# US extends AI-chip export controls to Chinese firms' overseas units

> On 1 June 2026 US guidance affirmed AI-chip licensing applies to Chinese firms' overseas units too.

*The loophole just closed.*

By The FeaturedDaily Desk · FeaturedDaily
Canonical: https://featureddaily.com/ai-policy/us-chip-controls-overseas-units-brief

> **Key:** **The one-liner:** the US just made its AI-chip controls follow ownership, not geography — so routing chips through a foreign subsidiary no longer works.

**What happened.** On **1 June 2026**, US **Commerce Department** guidance affirmed that licensing rules for advanced AI chips apply to **any business headquartered in or parented by a Chinese company** — not just operations inside China.

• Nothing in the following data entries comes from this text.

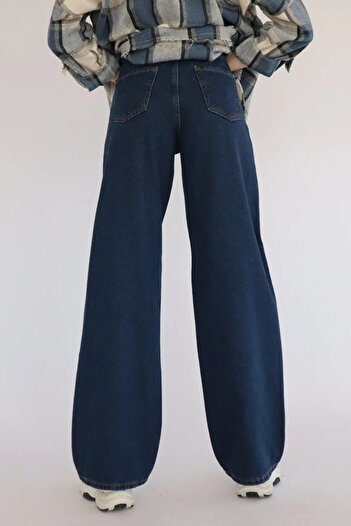 Trn JNS Forever Women's Dark Blue Extra High Waist Loose Leg Denim Jeans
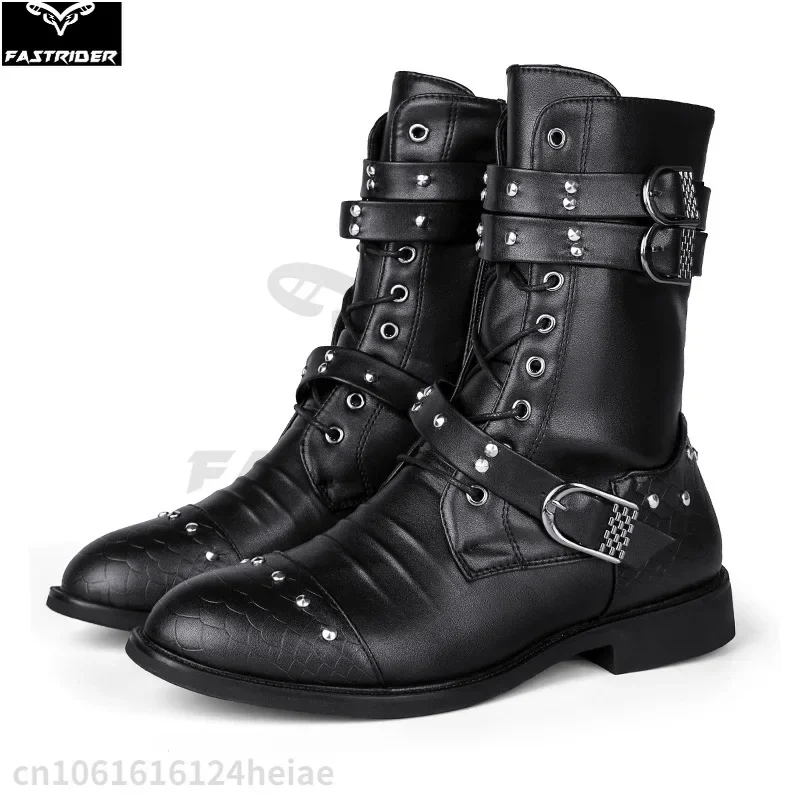 

New Mid Barrel Boots Honorary Boots Motorcycle Men's Performance Boots Motorcycle Shoes Botas Moto Size 37-45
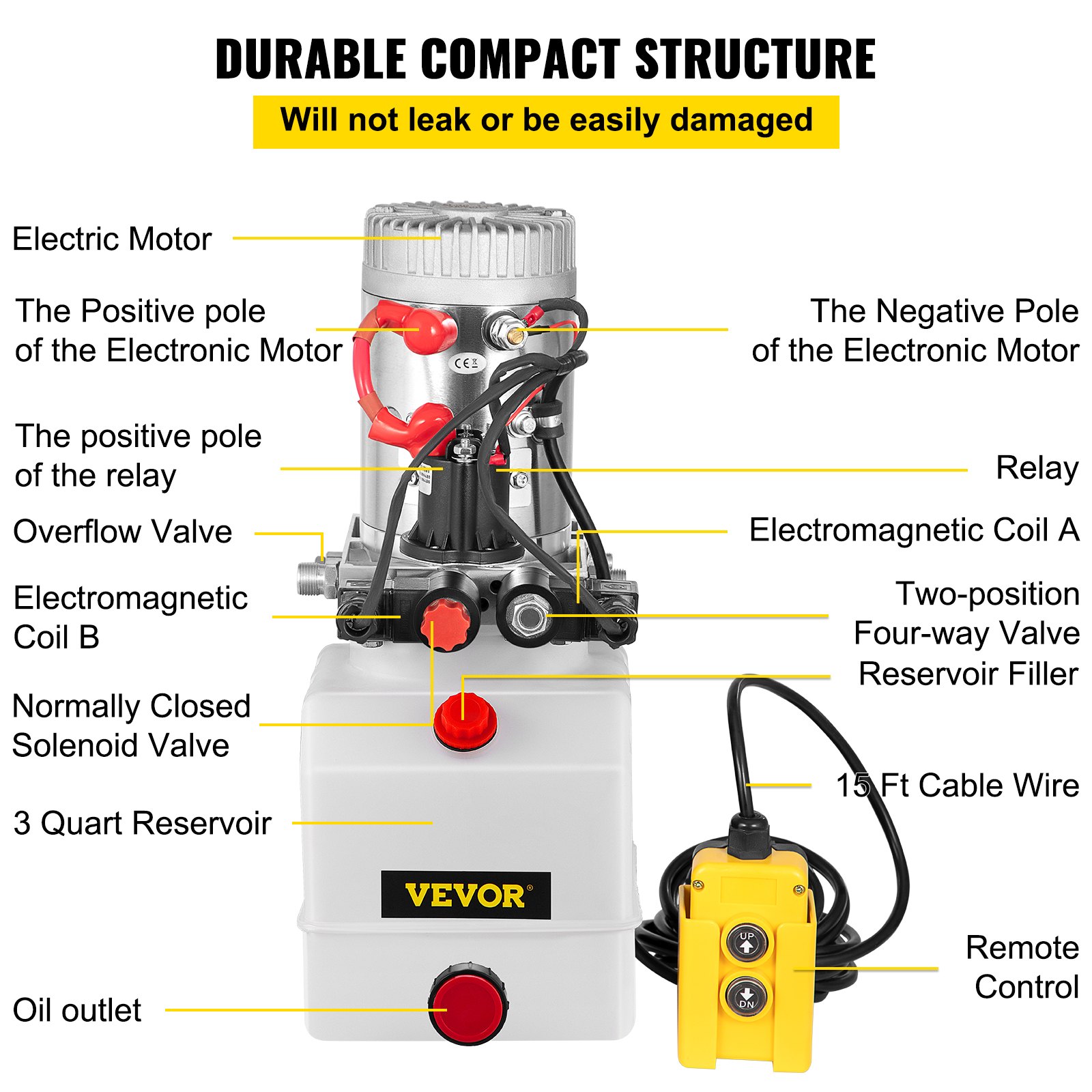 Hydraulic Pump Electric Hydraulic Pump 3 Quart Double Acting Metal Reservoir for Dump Trailer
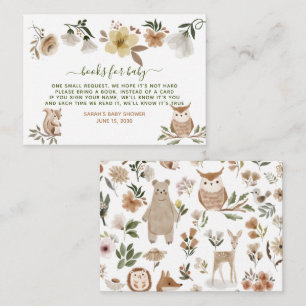 Boho Woodland Animals Baby Shower Book Request Enclosure Card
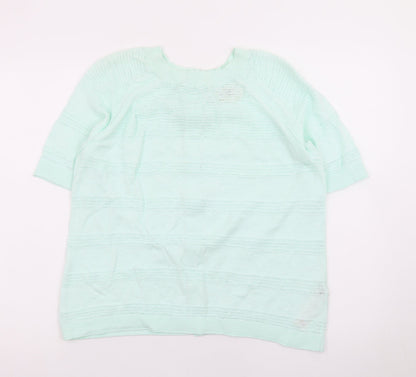 FatFace Womens Green Knit Button Cardigan UK 6 Short Sleeve Crew Neck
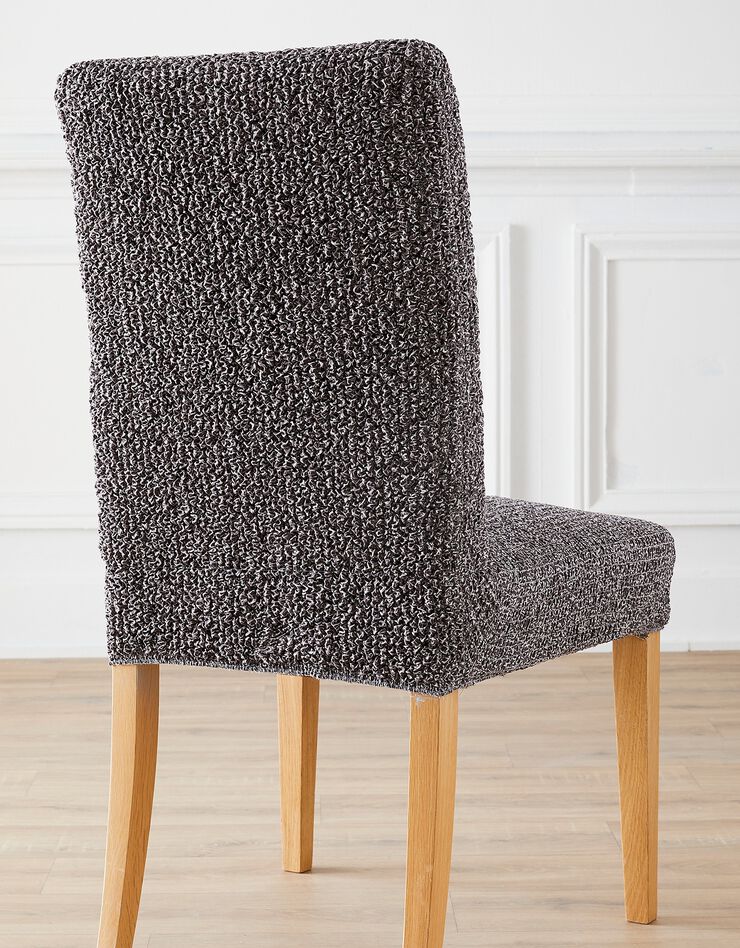 Housse microfibre bi-extensible gaufrée spéciale chaise  (gris)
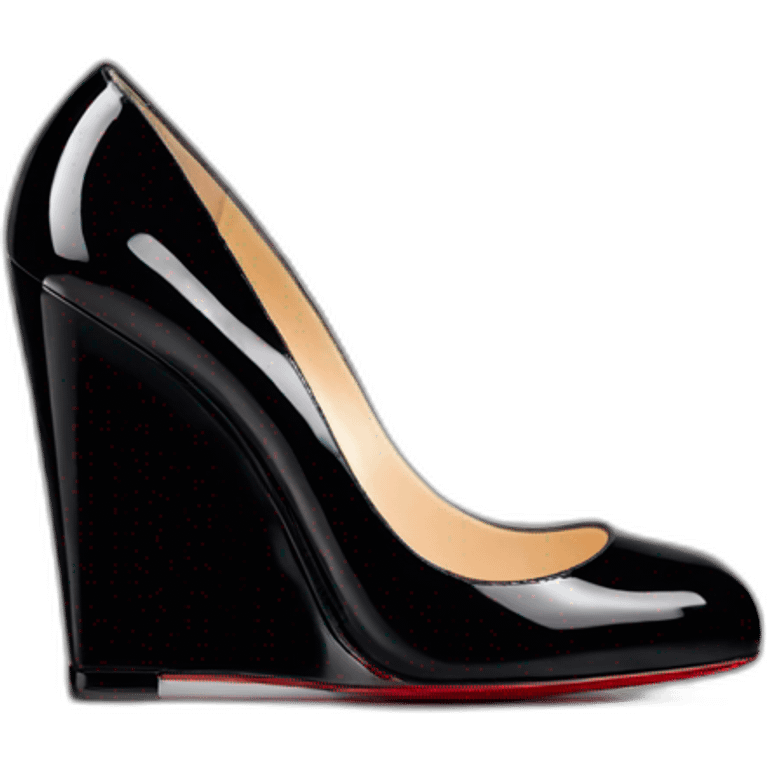 WEDGE heel LOUBOUTIN black PATENT emoji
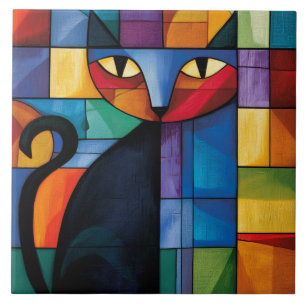 Gato Preto Geométrico Vidro Pintado em Grade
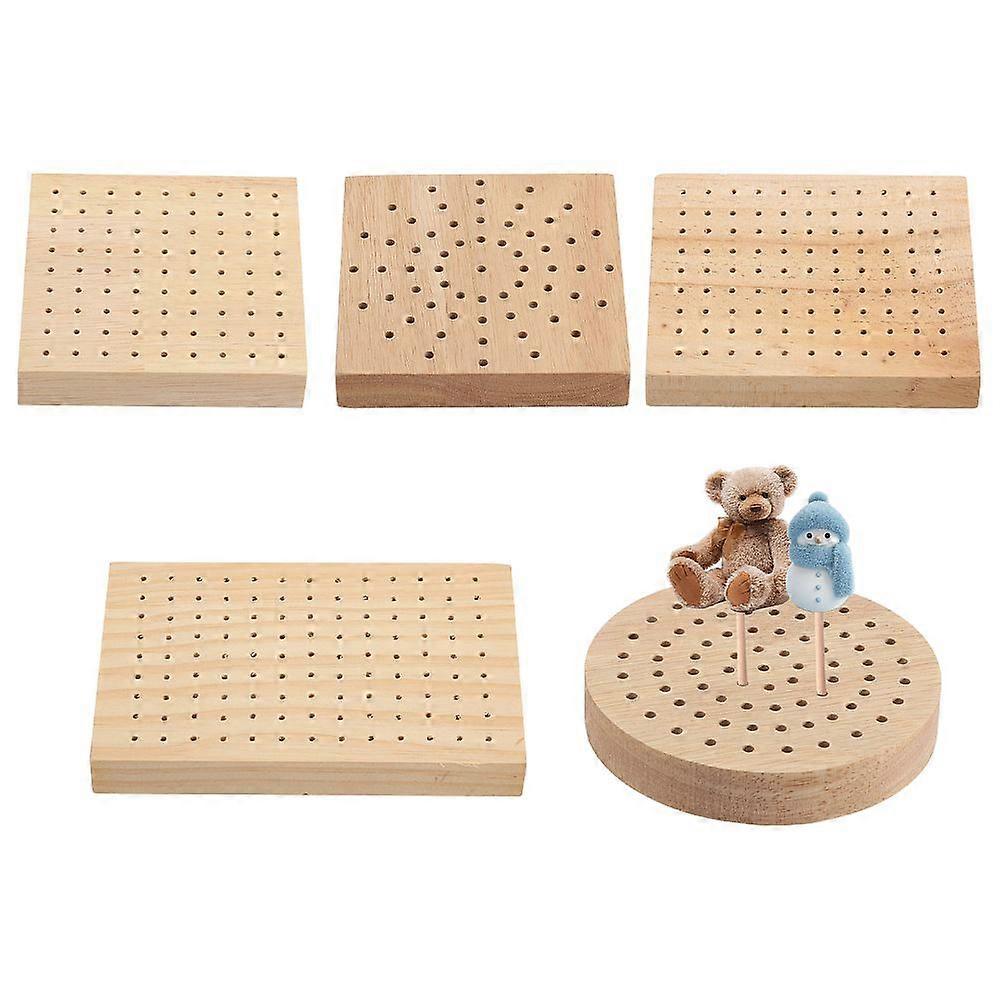 5Styles Wooden Cake Pop Stand Display Oak Wooden Clay Figurines Doll Display Trays for DIY Craft Pottery Clay Model Pick Displays Wheat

**The effect.** It closes the **overseas-subsidiary loophole**: the foreign units of Chinese firms are now covered, where before a third-country branch could sometimes sit outside the rules.

**Who it hits.** Most directly **Nvidia**, including its **Blackwell-class** chips, on sales to those foreign units.

> **Note:** **Why it matters:** ownership-based controls are much harder to engineer around than location-based ones. You can move an address; you can't quietly change your parent company.

## Key takeaways

- What: US Commerce guidance (1 June 2026) on advanced-AI-chip licensing.
- The change: rules now apply to any firm headquartered in or parented by a Chinese company.
- Effect: closes the overseas-subsidiary loophole — foreign units of Chinese firms are covered.
- Who: directly affects Nvidia, including Blackwell-class chips.

## FAQ

### What changed?
US Commerce guidance (1 June 2026) affirmed AI-chip licensing applies to any firm headquartered in or parented by a Chinese company — closing the overseas-subsidiary loophole.

### Who's affected?
Most directly Nvidia, including Blackwell-class chips, on sales to the foreign units of Chinese firms — a customer set that previously sat in a grey area.